Il ajouta d'ailleurs qu'il avait tendance à ne pas tenir en place, ce qui ne lui donnait pas énormément de temps pour lire. Je souris - il avait l'air d'avoir de bonnes références, tout de même. Il devait quand même être un bon lecteur, ou alors il était tombé sur les bon livres.  Mais il avait tout de même l'air d'aimer lire.
Il ajouta ensuite que je devais être une geek, pour aimer le Seigneur des Anneaux. Je ne pus empêcher un léger rire - il n'avait pas vraiment tord, mais j'étais une geek pour toutes les raisons possibles, et pas seulement pour le Seigneur des Anneaux. Mais j'assumais - car c'était une partie de moi, une partie de mon histoire.
Et une partie de mon présent et futur, sûrement.

Juaquim déclara ensuite que la plupart des gens ignoraient qu'il y avait une suite au Magicien d'Oz ou à Alice, à part « De l'autre côté du miroir ». Mais selon lui, c'était parce que ça devenait ensuite trop farfelu pour les enfants. Je souris, pensive - maintenant, j'avais vraiment envie de dévorer ces livres pour en apprendre plus. Peut-être que emprunterais certains livres, ou alors que je resterais plus tard pour lire. A voir comment la discussion avec Juaquim tournerait - mais il avait l'air sympathique, et je me sentais étrangement à l'aise en sa présence. D'un certain côté, j'avais l'impression qu'il pensait comme moi - ou du moins, qu'il comprenait ma façon de penser. Et que le fait qu'elle soit différente ne lui importait pas.
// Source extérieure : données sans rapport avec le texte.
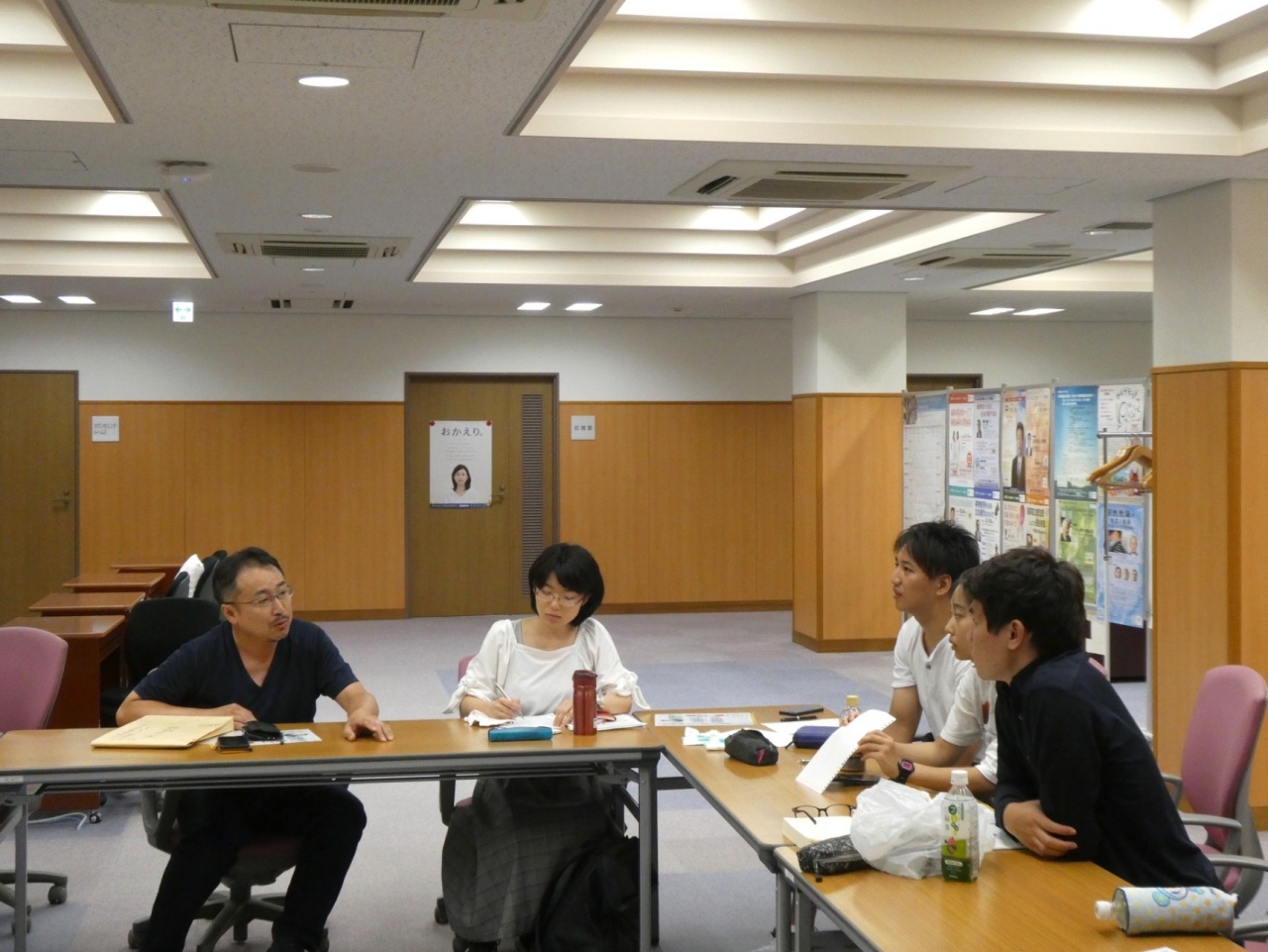 写真左:金尚均教授(本学法学部、犯罪学研究センター「ヘイト・クライム」ユニット長)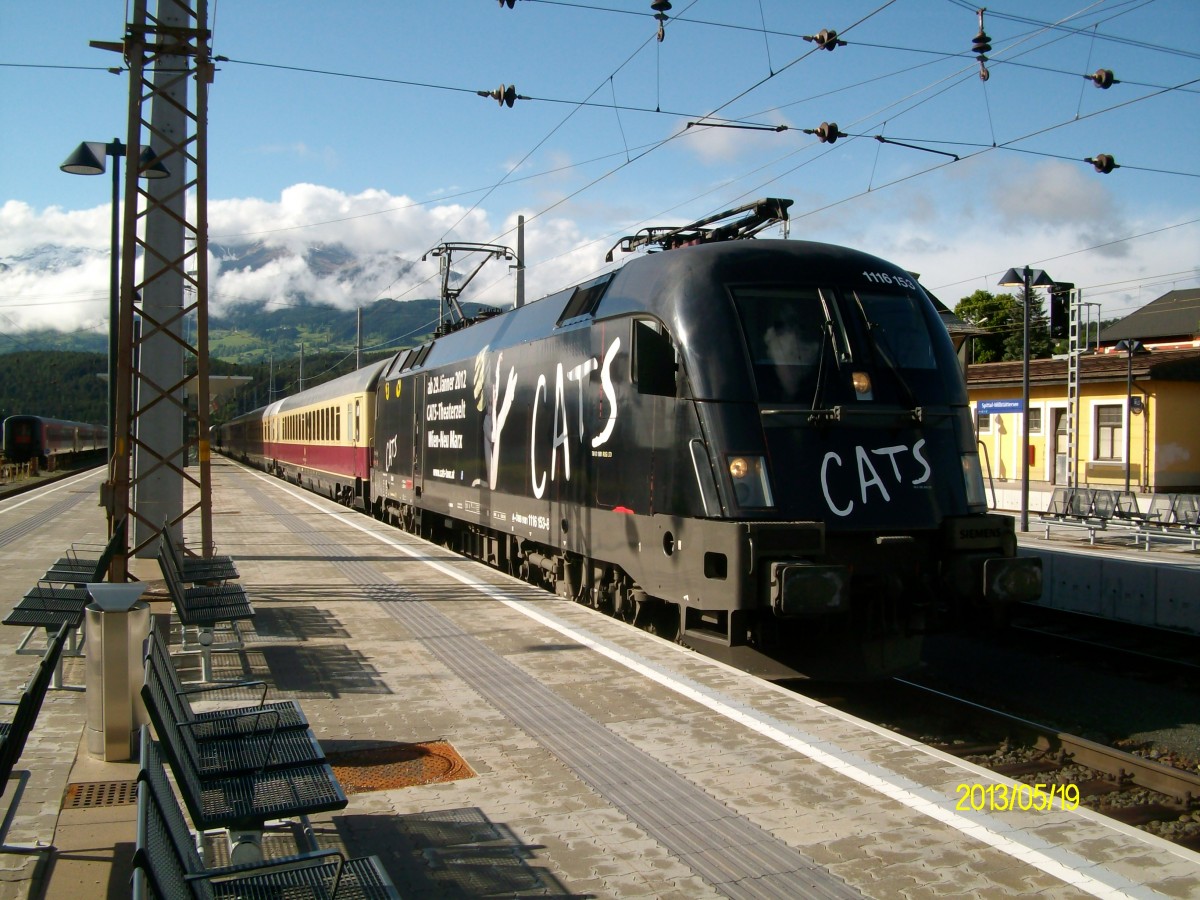 1116 153-8  Cats  mit dem TEE Rheingold aus Deutschland bei einem kurzen Halt in Spittal-Millstättersee. Am Zugschluss waren noch ein alter DB-Schnellzugwagon und ein Wagen der SNCB zu finden.  (19.5.2013)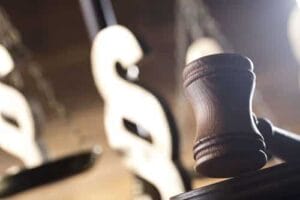 Mantido valor da fiança de denunciado por envolvimento em esquema de furto de combustível de oleodutos da Petrobras 3 | Juristas Fiança deve ser afastada ou reduzida de acordo com a realidade econômica do acusado
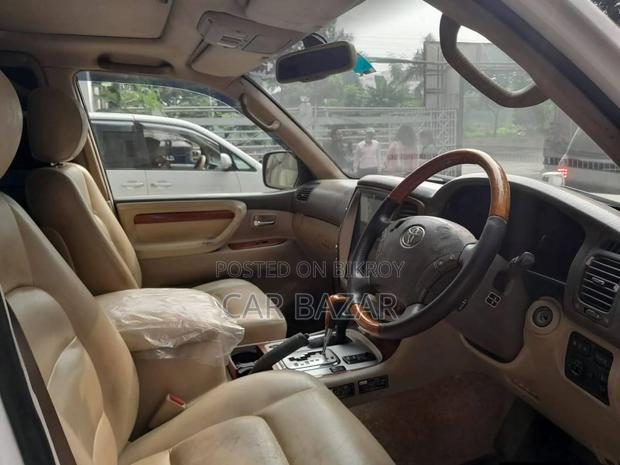 Lexus LX 470 AWD 2001 Pearl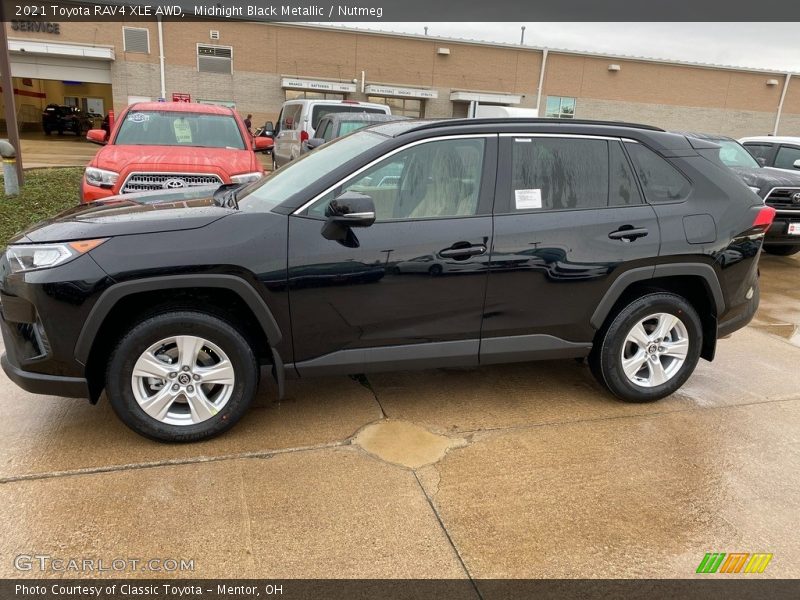 Midnight Black Metallic / Nutmeg 2021 Toyota RAV4 XLE AWD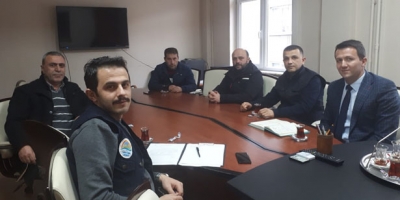 DEVREK İLÇE TARIM VE ORMAN MÜDÜRLÜĞÜ ZİRAİ İLAÇ BAYİLERİYLE TOPLANTI YAPTI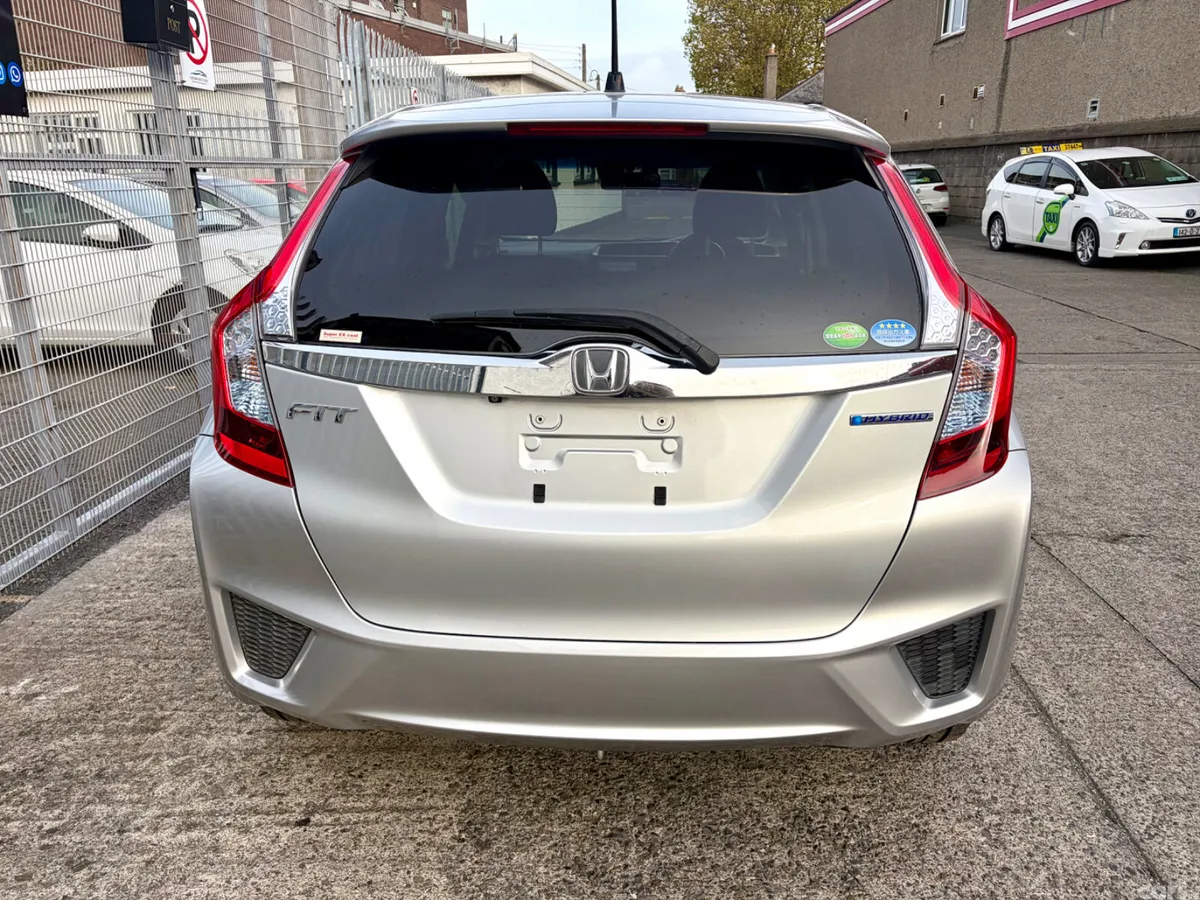 Honda Fit Hatchback, Petrol Hybrid, 2016, Silver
Juaquim rit - et ça me fit sourire. Il avait l'air d'être une personne qui riait facilement. Une personne naturellement joyeuse, et de bonne humeur. Je ne riais pas souvent, mais il en fallait tout de même peu pour me faire rire. Quelque chose me disait que si je traînais avec lui, je commencerais à rire bien plus souvent.
Après que j'ai parlé de son handicap, il m'ébouriffa les cheveux - ce qui me fit un peu rougir. Je n'avais pas vraiment l'habitude d'avoir des contacts physiques avec les gens - du moins, pas des contacts affectueux. Du coup, ça me surprenait toujours un peu. Mais ce n'était pas forcément désagréable.
Juaquim déclara que je n'avais pas à m'inquiéter pour lui - plus facile à dire qu'à faire, j'étais un moulin à inquiétude. Il ajouta qu'il arrivait à reconnaître les gens d'une manière ou d'une autre, et qu'au moins il n'avait pas à voir les têtes de « cons », ou à ne pas juger les autres - et que du coup, il y avait quelques points positifs. Je ne pu refréner un léger rire à nouveau - c'était précisément pour ça que j'avais tendance à ne pas « voir » les autres, à les oublier, à me refermer complètement. C'était pour oublier leur existence.

Sa main caressa soudainement mon menton pour le relever. Je sentis son regard plonger dans le mien - bien que je savais qu'il ne voyait probablement pas mes yeux. Il déclara que pour lui, je n'étais pas étrange - j'étais sympathique, et il avait envie d'en savoir plus sur moi, qu'il m'appréciait déjà. Ses paroles me firent rougir à nouveau - je recevais rarement des compliments. Jamais, même. Surtout des phrases aussi belles, et aussi... Sincères ?
Il était vraiment sympathique, différent des autres. Il avait l'air franc et sincère dans chacune de ses paroles - après, peut-être que c'était ainsi que je le voyais. Je détournais le regard - je n'aimais pas trop m'accrocher aux gens. C'était une peur de toujours - car trop s'accrocher signifiait souffrir lorsqu'on se faisait jeter. Mais est-ce que Juaquim était du genre à abandonner ses amis ? Il avait plutôt l'air du genre à aimer rencontrer des gens, et à les garder près de lui. Mais je ne le connaissais pas - donc je ne savais pas.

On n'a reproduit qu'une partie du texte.